▶ [Given records]
········
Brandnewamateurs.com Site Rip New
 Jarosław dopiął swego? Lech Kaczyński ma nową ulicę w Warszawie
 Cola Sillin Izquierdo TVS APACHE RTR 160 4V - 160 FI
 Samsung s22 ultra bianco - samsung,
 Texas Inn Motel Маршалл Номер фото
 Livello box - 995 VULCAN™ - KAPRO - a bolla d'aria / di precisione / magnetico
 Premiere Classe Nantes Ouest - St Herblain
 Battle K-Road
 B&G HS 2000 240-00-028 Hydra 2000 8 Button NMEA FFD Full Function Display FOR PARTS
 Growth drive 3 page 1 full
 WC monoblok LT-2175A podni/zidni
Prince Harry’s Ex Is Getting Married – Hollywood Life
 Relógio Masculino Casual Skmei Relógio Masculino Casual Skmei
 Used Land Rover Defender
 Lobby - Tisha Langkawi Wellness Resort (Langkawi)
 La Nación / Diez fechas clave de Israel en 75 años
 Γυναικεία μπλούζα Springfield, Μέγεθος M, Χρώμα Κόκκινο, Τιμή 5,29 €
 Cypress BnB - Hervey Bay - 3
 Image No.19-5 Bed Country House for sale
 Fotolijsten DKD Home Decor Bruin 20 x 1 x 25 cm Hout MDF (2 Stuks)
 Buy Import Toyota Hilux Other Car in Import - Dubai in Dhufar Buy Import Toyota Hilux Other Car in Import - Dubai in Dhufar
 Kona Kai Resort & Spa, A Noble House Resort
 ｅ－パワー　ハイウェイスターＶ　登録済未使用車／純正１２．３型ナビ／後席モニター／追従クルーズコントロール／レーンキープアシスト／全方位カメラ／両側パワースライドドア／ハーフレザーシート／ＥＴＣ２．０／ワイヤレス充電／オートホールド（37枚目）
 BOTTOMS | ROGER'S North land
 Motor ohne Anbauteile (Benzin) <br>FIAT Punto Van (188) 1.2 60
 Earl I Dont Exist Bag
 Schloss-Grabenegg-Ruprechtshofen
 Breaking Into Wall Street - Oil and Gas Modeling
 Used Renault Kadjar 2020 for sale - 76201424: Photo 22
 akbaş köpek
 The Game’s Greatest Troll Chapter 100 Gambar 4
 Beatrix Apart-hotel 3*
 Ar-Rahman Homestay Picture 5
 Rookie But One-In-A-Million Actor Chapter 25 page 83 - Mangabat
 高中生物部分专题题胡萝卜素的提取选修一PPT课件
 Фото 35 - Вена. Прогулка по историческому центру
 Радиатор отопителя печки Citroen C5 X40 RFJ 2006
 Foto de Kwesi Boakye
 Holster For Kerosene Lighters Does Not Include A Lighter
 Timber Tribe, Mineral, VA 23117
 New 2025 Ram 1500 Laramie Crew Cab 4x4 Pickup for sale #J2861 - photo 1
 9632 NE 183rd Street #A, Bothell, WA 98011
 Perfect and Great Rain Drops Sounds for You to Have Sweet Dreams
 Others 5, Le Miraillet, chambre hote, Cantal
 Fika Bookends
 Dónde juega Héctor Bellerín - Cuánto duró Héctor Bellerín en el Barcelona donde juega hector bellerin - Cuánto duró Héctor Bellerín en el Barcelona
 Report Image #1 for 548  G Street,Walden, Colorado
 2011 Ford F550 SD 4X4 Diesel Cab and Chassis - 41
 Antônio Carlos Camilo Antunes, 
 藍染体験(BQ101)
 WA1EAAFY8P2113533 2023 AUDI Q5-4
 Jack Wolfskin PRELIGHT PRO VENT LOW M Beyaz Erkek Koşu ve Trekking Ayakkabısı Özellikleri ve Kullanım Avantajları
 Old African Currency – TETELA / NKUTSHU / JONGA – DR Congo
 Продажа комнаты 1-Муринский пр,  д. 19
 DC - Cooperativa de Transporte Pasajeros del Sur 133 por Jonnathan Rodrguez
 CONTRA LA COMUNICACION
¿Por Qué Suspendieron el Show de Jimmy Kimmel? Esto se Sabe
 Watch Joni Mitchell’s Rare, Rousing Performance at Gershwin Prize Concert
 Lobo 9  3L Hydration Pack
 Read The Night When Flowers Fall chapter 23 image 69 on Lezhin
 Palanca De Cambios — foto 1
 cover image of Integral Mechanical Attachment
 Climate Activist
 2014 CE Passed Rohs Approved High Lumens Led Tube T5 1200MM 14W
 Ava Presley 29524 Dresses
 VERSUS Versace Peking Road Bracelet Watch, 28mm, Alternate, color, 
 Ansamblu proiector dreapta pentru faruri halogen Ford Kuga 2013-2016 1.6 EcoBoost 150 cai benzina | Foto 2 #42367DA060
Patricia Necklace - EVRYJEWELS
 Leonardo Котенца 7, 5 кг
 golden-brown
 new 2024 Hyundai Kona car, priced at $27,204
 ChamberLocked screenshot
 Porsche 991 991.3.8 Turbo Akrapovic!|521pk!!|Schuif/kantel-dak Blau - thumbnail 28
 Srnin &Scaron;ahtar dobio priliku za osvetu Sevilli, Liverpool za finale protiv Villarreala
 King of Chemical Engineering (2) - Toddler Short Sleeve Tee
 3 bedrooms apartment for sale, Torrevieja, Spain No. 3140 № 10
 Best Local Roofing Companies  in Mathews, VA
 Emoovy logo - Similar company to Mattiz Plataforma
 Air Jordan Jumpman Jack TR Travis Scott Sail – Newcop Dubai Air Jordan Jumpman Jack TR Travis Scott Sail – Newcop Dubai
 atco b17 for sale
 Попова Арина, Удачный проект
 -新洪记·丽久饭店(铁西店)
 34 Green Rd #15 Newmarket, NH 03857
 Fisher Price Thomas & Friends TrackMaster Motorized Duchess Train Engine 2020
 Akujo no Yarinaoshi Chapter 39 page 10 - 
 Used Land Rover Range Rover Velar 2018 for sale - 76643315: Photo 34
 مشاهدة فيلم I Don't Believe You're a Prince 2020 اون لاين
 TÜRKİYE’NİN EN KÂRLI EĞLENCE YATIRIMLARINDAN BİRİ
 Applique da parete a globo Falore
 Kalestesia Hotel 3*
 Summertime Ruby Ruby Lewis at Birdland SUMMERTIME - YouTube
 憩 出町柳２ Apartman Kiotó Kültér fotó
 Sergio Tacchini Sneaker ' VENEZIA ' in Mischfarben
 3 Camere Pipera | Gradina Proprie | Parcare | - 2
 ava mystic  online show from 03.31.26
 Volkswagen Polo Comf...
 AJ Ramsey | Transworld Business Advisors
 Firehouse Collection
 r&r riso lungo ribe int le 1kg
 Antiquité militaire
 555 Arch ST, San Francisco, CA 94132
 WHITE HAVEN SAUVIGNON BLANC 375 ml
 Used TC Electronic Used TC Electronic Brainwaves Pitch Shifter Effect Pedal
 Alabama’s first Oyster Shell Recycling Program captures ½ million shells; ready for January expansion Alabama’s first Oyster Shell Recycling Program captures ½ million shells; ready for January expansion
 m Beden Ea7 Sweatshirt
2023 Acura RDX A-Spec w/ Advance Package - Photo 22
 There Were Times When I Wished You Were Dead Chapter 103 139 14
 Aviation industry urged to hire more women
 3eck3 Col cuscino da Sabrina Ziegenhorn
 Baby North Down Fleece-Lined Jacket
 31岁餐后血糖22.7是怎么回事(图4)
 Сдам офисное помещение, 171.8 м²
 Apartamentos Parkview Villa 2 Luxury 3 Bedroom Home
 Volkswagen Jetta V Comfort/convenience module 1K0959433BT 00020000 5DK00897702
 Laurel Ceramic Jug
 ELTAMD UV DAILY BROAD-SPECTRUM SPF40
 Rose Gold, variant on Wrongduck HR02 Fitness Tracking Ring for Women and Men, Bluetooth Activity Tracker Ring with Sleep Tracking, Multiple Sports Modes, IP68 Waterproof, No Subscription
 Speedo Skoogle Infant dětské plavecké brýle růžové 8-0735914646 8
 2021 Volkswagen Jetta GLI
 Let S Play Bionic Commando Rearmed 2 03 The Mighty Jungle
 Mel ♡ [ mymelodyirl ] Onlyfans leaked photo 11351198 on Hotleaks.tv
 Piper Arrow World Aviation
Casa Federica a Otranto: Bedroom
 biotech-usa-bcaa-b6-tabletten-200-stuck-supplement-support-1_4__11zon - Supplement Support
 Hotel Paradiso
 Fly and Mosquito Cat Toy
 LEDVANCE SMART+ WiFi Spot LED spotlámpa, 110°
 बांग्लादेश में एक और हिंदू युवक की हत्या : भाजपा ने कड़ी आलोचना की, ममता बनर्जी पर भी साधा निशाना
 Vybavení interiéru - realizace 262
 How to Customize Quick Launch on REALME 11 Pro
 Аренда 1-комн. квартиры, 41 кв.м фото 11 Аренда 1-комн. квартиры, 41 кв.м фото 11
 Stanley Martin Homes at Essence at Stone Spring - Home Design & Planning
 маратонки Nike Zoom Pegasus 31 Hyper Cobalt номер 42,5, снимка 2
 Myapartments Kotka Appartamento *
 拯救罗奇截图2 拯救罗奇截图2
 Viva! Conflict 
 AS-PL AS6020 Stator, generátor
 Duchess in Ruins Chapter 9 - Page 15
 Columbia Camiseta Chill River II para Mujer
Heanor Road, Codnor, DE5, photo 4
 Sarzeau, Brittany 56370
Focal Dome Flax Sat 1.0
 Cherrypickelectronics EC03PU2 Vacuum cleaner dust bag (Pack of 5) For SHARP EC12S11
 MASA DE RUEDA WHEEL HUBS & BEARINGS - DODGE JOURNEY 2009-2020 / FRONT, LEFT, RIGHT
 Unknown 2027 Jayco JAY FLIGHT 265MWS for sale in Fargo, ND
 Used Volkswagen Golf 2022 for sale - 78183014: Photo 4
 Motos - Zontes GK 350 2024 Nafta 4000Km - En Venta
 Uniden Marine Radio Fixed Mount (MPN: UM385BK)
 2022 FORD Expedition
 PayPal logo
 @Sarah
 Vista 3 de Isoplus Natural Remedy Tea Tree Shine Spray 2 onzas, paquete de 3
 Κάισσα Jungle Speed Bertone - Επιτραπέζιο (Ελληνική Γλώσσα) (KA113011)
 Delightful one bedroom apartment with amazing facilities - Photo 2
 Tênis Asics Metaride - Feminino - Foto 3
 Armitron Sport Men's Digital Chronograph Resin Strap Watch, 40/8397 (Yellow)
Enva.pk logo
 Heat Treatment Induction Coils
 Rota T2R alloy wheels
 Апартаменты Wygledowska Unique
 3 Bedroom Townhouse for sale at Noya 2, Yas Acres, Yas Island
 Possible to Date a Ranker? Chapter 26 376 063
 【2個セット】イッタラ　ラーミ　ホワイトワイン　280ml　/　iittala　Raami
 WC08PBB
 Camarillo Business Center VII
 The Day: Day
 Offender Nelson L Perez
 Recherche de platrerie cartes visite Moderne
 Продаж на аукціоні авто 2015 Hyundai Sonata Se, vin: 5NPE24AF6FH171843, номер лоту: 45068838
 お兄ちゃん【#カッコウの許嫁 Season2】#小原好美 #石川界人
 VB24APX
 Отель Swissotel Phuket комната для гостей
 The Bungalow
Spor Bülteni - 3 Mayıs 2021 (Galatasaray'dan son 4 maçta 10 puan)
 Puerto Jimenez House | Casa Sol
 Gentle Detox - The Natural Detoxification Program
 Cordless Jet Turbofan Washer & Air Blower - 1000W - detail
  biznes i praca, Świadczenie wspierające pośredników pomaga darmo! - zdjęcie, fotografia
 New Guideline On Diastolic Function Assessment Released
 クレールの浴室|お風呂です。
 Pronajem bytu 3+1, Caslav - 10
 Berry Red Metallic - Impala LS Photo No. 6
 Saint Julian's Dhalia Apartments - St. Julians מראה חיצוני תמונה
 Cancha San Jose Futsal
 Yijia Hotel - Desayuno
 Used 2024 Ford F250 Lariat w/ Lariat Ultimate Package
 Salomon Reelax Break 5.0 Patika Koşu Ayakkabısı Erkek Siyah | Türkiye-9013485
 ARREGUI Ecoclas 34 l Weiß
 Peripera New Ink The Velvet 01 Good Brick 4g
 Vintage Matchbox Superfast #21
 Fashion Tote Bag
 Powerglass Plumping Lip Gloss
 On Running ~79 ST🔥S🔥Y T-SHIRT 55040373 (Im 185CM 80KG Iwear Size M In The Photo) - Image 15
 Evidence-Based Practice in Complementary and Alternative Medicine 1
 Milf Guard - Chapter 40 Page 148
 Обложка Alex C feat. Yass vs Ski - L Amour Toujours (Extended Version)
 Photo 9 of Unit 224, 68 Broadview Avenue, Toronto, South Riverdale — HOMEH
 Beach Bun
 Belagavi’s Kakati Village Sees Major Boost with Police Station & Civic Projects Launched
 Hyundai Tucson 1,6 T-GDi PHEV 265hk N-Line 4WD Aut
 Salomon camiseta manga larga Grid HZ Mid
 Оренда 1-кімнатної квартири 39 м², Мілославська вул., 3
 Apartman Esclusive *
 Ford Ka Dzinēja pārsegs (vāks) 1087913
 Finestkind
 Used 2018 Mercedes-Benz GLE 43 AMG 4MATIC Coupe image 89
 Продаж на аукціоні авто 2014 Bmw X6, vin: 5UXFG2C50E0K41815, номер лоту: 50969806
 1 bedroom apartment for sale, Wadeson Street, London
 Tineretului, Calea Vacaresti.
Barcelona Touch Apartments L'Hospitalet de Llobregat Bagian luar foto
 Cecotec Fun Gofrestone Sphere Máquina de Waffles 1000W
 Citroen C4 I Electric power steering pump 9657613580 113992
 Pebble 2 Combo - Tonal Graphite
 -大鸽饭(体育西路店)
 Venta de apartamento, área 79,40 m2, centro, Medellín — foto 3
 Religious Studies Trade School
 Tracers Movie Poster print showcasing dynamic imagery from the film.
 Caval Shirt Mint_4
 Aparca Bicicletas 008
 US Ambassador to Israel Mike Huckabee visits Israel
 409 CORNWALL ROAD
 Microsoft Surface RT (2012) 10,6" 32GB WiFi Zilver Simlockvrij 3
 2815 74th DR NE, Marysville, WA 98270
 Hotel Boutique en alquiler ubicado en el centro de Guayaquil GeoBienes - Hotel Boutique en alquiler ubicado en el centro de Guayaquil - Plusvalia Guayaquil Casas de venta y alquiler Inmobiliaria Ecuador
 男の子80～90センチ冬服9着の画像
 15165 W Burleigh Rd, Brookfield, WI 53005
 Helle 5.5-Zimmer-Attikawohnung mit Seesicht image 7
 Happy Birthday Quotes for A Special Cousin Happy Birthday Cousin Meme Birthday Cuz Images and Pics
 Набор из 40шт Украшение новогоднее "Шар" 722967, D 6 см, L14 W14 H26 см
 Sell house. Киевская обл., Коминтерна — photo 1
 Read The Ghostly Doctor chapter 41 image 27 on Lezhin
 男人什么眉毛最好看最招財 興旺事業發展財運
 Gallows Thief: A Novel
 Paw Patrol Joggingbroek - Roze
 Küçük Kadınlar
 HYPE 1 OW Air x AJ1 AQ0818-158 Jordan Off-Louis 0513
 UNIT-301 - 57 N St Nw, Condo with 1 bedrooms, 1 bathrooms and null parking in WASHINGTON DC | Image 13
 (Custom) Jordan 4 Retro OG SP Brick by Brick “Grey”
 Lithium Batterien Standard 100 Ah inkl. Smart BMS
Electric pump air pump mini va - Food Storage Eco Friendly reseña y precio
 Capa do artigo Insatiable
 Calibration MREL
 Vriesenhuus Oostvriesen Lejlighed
········
▶ [Description of the task]
Taking the entries above, print exactly the lines starting at the line with "Сдам офисное помещение, 171.8 м²" and ending at the line with "ELTAMD UV DAILY BROAD-SPECTRUM SPF40", both included.

▶ [Response area]
 Сдам офисное помещение, 171.8 м²
 Apartamentos Parkview Villa 2 Luxury 3 Bedroom Home
 Volkswagen Jetta V Comfort/convenience module 1K0959433BT 00020000 5DK00897702
 Laurel Ceramic Jug
 ELTAMD UV DAILY BROAD-SPECTRUM SPF40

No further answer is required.